Data items
↓↓↓

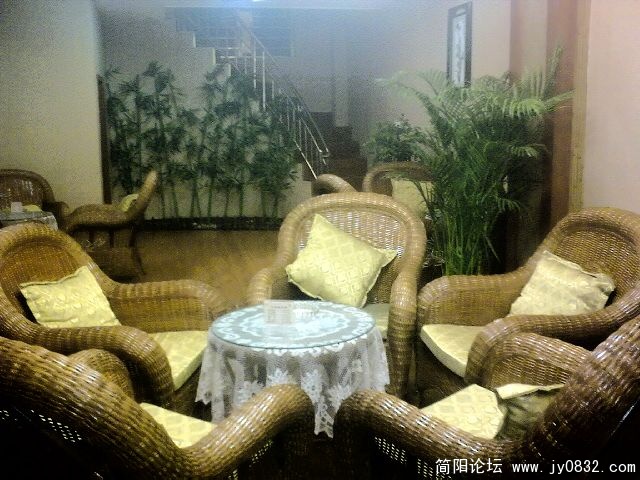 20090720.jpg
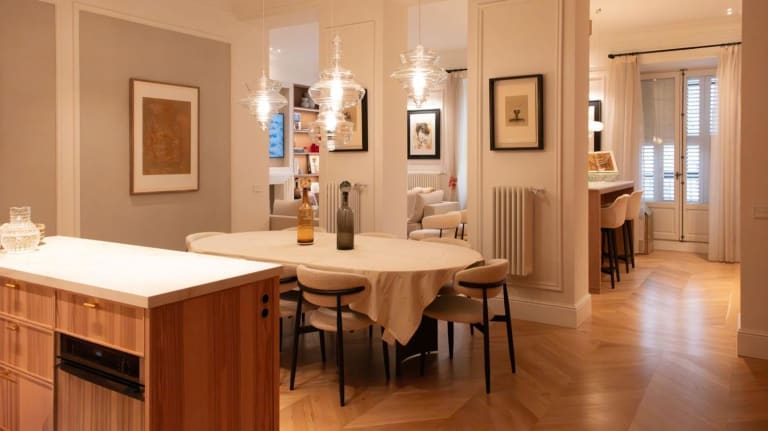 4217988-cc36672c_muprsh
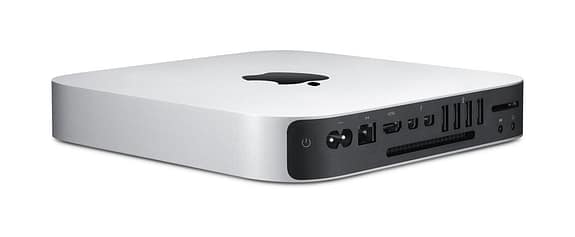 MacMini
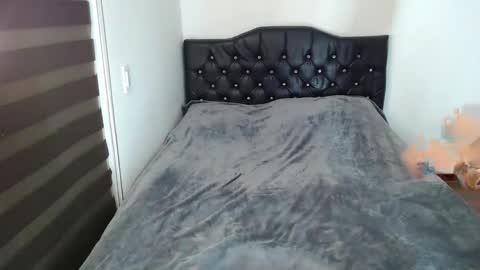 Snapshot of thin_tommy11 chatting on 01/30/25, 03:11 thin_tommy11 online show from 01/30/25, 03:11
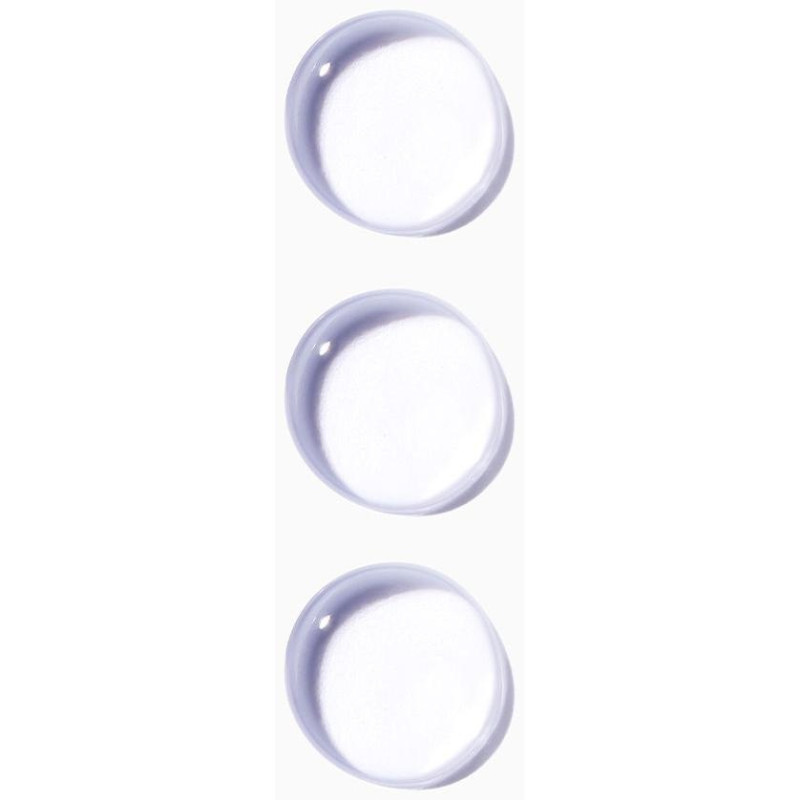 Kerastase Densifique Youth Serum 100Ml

↑↑↑
↓↓↓

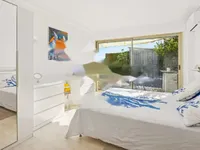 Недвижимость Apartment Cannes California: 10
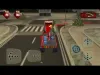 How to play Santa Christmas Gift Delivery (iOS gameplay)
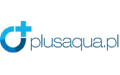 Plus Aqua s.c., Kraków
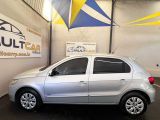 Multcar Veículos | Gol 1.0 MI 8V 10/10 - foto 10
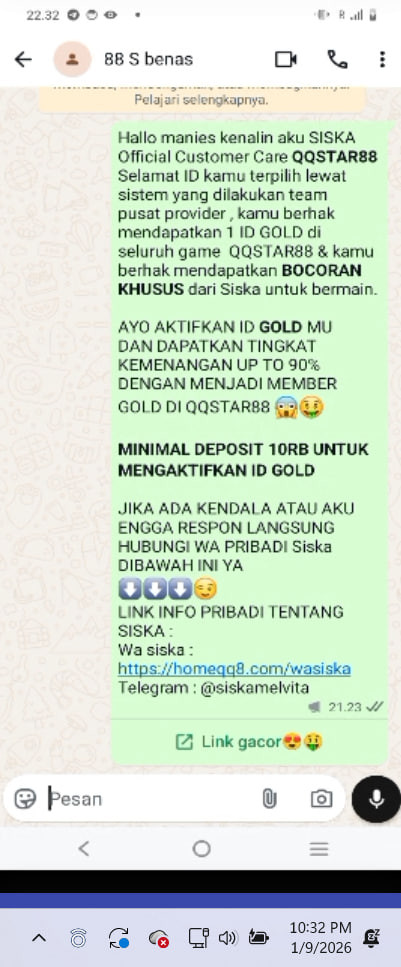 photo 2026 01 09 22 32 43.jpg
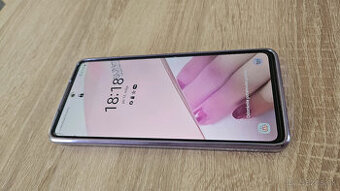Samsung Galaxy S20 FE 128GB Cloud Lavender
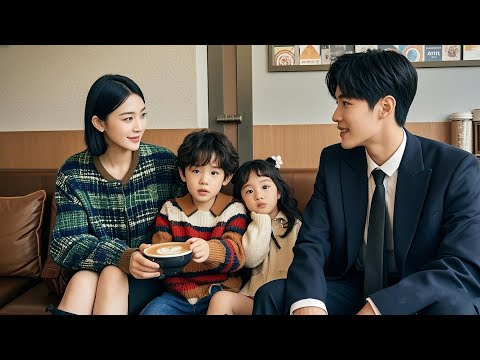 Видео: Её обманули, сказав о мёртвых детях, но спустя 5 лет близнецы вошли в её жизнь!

↑↑↑

Taking the entries above, copy word for word the lines from the one with "How to play" up to and including the one with "Видео: Её обманули, сказав", without any picture.

EXERCISE RESPONSE >>
 How to play Santa Christmas Gift Delivery (iOS gameplay)
 Plus Aqua s.c., Kraków
 Multcar Veículos | Gol 1.0 MI 8V 10/10 - foto 10
 photo 2026 01 09 22 32 43.jpg
Samsung Galaxy S20 FE 128GB Cloud Lavender
 Видео: Её обманули, сказав о мёртвых детях, но спустя 5 лет близнецы вошли в её жизнь!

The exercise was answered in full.